» **TASK**: Copy out the data in full, keeping each line exactly as it reads.

» **RECORDS SUPPLIED**:
•••••
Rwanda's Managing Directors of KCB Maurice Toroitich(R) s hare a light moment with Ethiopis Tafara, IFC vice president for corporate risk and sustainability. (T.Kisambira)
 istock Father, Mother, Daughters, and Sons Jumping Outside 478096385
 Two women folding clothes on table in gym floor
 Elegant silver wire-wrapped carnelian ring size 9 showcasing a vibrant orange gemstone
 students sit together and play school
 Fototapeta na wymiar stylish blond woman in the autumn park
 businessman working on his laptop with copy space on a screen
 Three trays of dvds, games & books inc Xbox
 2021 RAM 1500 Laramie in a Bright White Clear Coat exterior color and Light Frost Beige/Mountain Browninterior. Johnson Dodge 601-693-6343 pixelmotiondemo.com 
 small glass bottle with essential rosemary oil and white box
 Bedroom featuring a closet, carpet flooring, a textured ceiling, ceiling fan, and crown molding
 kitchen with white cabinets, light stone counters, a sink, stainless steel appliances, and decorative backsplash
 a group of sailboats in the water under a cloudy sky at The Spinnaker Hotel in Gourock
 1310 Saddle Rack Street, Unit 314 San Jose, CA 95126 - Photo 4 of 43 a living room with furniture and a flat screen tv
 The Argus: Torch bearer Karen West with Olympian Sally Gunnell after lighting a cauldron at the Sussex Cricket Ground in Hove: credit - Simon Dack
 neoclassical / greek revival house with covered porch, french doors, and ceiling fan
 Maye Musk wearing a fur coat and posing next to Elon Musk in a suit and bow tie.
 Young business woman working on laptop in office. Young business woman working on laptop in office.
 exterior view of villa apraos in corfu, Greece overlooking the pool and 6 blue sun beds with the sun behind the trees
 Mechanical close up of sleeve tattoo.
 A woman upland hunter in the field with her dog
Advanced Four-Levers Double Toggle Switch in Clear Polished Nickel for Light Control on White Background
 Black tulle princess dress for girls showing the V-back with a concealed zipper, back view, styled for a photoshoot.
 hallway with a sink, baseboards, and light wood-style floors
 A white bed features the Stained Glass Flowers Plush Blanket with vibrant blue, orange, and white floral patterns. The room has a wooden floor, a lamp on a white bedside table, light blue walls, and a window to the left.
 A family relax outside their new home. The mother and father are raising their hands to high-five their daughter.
•••••
» **ANSWER BOX**:
Rwanda's Managing Directors of KCB Maurice Toroitich(R) s hare a light moment with Ethiopis Tafara, IFC vice president for corporate risk and sustainability. (T.Kisambira)
 istock Father, Mother, Daughters, and Sons Jumping Outside 478096385
 Two women folding clothes on table in gym floor
 Elegant silver wire-wrapped carnelian ring size 9 showcasing a vibrant orange gemstone
 students sit together and play school
 Fototapeta na wymiar stylish blond woman in the autumn park
 businessman working on his laptop with copy space on a screen
 Three trays of dvds, games & books inc Xbox
 2021 RAM 1500 Laramie in a Bright White Clear Coat exterior color and Light Frost Beige/Mountain Browninterior. Johnson Dodge 601-693-6343 pixelmotiondemo.com 
 small glass bottle with essential rosemary oil and white box
 Bedroom featuring a closet, carpet flooring, a textured ceiling, ceiling fan, and crown molding
 kitchen with white cabinets, light stone counters, a sink, stainless steel appliances, and decorative backsplash
 a group of sailboats in the water under a cloudy sky at The Spinnaker Hotel in Gourock
 1310 Saddle Rack Street, Unit 314 San Jose, CA 95126 - Photo 4 of 43 a living room with furniture and a flat screen tv
 The Argus: Torch bearer Karen West with Olympian Sally Gunnell after lighting a cauldron at the Sussex Cricket Ground in Hove: credit - Simon Dack
 neoclassical / greek revival house with covered porch, french doors, and ceiling fan
 Maye Musk wearing a fur coat and posing next to Elon Musk in a suit and bow tie.
 Young business woman working on laptop in office. Young business woman working on laptop in office.
 exterior view of villa apraos in corfu, Greece overlooking the pool and 6 blue sun beds with the sun behind the trees
 Mechanical close up of sleeve tattoo.
 A woman upland hunter in the field with her dog
Advanced Four-Levers Double Toggle Switch in Clear Polished Nickel for Light Control on White Background
 Black tulle princess dress for girls showing the V-back with a concealed zipper, back view, styled for a photoshoot.
 hallway with a sink, baseboards, and light wood-style floors
 A white bed features the Stained Glass Flowers Plush Blanket with vibrant blue, orange, and white floral patterns. The room has a wooden floor, a lamp on a white bedside table, light blue walls, and a window to the left.
 A family relax outside their new home. The mother and father are raising their hands to high-five their daughter.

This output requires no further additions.